<<<<

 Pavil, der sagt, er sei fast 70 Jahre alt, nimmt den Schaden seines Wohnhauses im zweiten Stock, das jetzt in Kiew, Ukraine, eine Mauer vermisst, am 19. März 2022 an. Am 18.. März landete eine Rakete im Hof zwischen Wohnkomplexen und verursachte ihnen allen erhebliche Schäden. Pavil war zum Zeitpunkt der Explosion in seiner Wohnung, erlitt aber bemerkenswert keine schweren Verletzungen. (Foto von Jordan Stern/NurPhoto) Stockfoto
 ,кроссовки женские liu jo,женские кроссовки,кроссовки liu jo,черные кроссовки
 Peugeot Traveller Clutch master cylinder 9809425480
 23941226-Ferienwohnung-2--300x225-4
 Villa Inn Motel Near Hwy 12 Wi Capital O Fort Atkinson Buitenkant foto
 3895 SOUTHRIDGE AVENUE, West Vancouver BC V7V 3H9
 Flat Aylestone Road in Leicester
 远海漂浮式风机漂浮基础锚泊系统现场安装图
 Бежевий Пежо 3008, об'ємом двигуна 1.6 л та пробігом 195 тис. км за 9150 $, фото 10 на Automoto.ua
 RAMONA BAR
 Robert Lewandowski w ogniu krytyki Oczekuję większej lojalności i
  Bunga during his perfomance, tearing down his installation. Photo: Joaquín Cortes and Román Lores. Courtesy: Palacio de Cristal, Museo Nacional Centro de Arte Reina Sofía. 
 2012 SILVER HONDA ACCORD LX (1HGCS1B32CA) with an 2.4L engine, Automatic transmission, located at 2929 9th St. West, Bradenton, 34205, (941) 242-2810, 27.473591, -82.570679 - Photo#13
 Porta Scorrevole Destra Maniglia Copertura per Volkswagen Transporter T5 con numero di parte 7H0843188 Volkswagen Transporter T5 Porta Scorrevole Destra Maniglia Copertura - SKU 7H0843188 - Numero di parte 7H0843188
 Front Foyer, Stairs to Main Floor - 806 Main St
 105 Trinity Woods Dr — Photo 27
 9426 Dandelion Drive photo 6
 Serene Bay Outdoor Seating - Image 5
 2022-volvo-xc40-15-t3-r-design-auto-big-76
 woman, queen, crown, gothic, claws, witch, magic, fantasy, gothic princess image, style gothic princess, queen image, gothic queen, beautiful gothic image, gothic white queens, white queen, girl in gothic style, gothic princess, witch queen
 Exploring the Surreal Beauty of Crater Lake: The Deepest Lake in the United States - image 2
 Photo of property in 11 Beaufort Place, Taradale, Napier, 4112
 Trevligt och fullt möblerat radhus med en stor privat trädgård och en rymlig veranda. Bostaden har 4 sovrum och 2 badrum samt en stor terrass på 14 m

>>>>

• [Try it]: When you reach the line with "2022-volvo-xc40-15-t3-r-design-auto-big-76" in the records above, start writing out lines exactly, and stop once the line with "Photo of property" has been written; include nothing else.

• [Result of the task]:
 2022-volvo-xc40-15-t3-r-design-auto-big-76
 woman, queen, crown, gothic, claws, witch, magic, fantasy, gothic princess image, style gothic princess, queen image, gothic queen, beautiful gothic image, gothic white queens, white queen, girl in gothic style, gothic princess, witch queen
 Exploring the Surreal Beauty of Crater Lake: The Deepest Lake in the United States - image 2
 Photo of property in 11 Beaufort Place, Taradale, Napier, 4112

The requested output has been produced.